Sensex and Nifty surged more than 1% and traded near their all-time highs led by telecom stocks following Idea Cellular's better-than-expected earnings. Bharti Airtel and Idea Cellular both rallied more than 5% as sentiment around telecom stocks improved.

Wednesday - Sensex up by 0.5%, Nifty up by 0.4%, Midcap down by 0.4%
Benchmark Indices continued on their winning run bolstered by gains in IT and banking leaders on upbeat earnings, higher capital inflows and positive global cues. TCS attained a market valuation of over Rs. 5 lakh crores (or about $84bn) for the first time. Bank of Baroda gained around 3% after RBI removed the stock from its caution list, allowing FIIs to invest in it. Jet Airways also rose around 4% after its chairman discussed its restructuring plan involving selling planes and renegotiating debt.

Thursday - Sensex up by 0.5%, Nifty up by 0.4%, Midcap down by 0.2%

Sensex and Nifty rose to their record highs after decision to raise FDI limit in insurance got cabinet approval. Modi government is doing its best to revive foreign interest in India and raising the FDI limit from 26% to 49% in capital starved insurance sector highlights its reform agenda. Cairn India slumped by 7% as company disclosed a related party transaction worth $1.25bn in the form of loan facility to parent Vedanta Group. Analysts have always been wary of this move where the new promoter group might take advantage of cash pile of Cairn India to fund their other projects – a step widely considered detrimental to minority shareholders’ interest.

Friday - Sensex down by 0.6%, Nifty down by 0.5%, Midcap down by 1.3%

Markets took a breather on Friday after continuously rising for nine sessions. Tata Motors declined most in six months after JLR price cuts in China raised concerns on margins in a key market.

Saturday, January 25, 2014

Weekly Market Commentary - Jan 20, 2014 - Jan 24, 2014

Investors were a cheerful lot for most of this week. So far, result season has been good, has been largely without any negative surprises. Dollar earning sectors seems to have picked up steam on hope of strengthening US recovery. Falling inflation levels have also brought back the rate cut clamour. Everything was good and normal until two important events happened. One, Urijit Patel tabled a report on strengthening monetary framework, which among other things recommended changing the inflation targeting benchmark to CPI from WPI. If this happens, it may lead to higher interest rates in near to medium term and may put a dampener on India’s growth plans (for short term). Two, RBI governor made statements to the effect of inflation fighting would be the main focus of RBI, which dashed hopes of rate cut in RBI review meeting on Jan 28.

Sensex and Nifty ended this week with small gains of 0.3% and 0.1% respectively while CNX Midcap fell 0.9%.

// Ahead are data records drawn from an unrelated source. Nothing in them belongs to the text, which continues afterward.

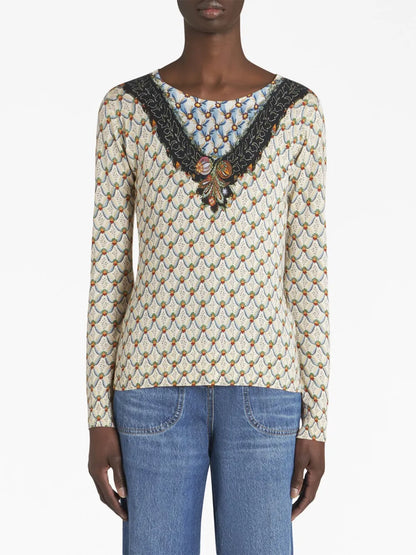Floral-Print Knitted Top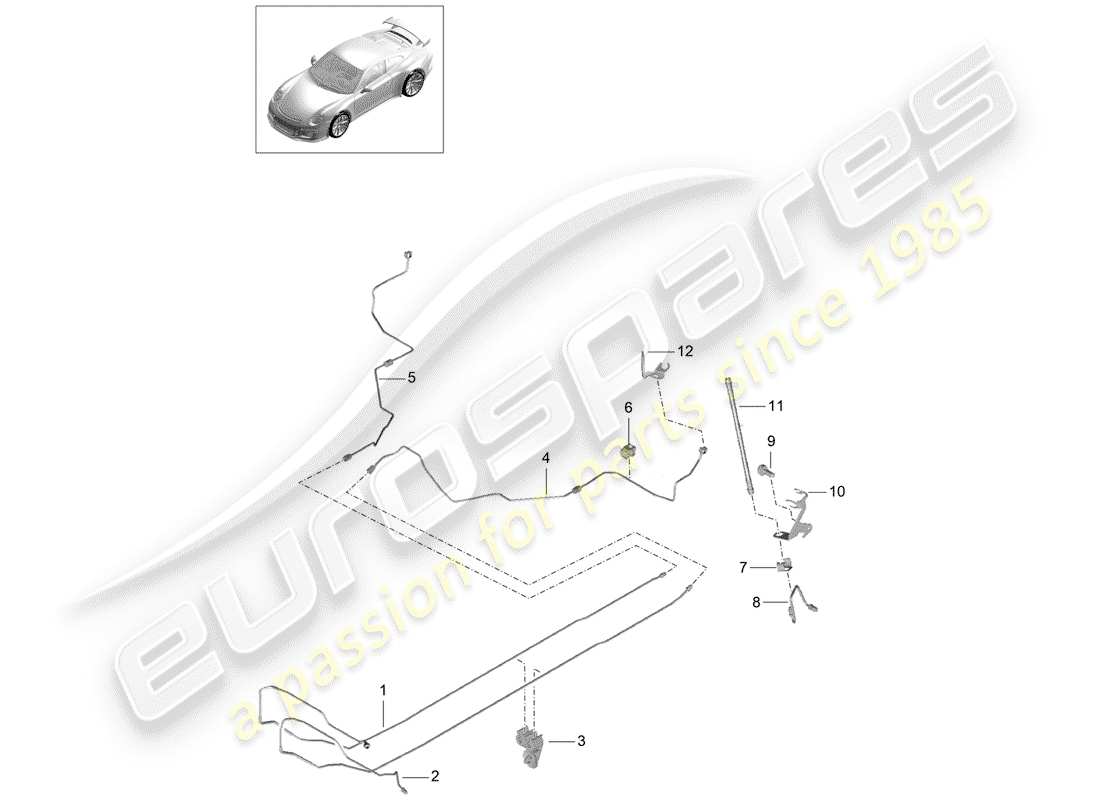 Porsche 991R/GT3/RS (2019) brake line Part Diagram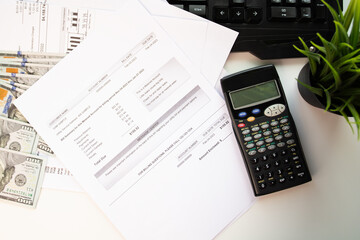 Utility bill payment receipt for a customer, electricity and gas receipt
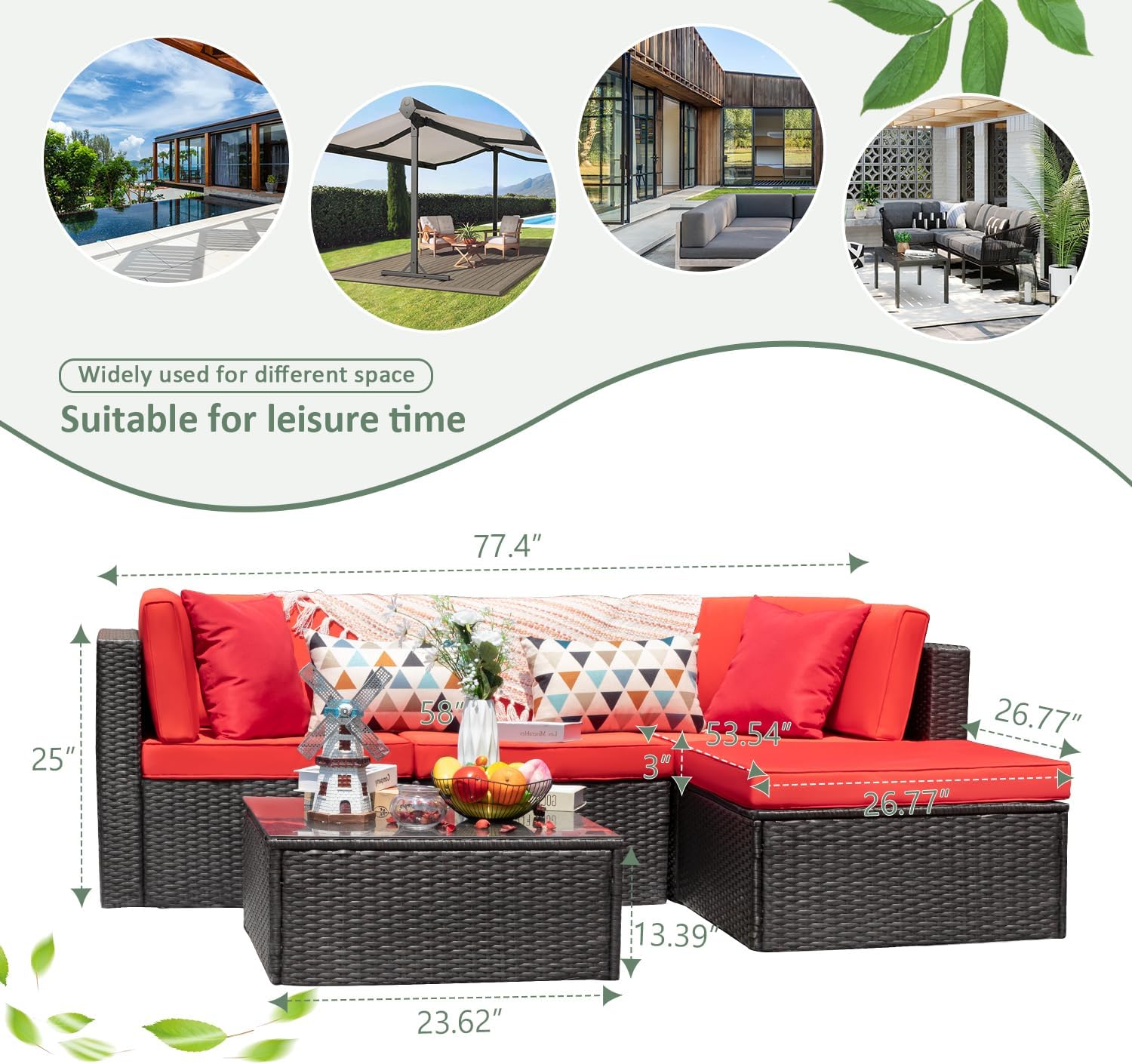 5 Pieces All-Weather Patio Furniture Set with Cushions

Monday – Sensex up by 0.7%, Nifty up by 0.7%, Midcap up by 1.0%
Market’s mood was cheerful as index heavyweights Reliance Industries and Wipro managed to beat consensus and post healthy results. Reliance fared better than street forecasts as its refinery earned $7.6 per barrel of crude refined, significantly better than Singapore GRMs (Gross Refining Margin) of $4.3. Shares went up initially but lost all its gains in the latter half of the day. Wipro ended the day up as its results showed that business continued to improve as signs of turnaround and margin expansions are growing.

Tuesday - Sensex up by 0.2%, Nifty up by 0.2%, Midcap up by 0.2%
Market continued its uptrend amid some profit booking seen on the bourses. Govt decision to sell stake in Hindustan Zinc to cover some of its fiscal deficit also helped to improve the sentiment.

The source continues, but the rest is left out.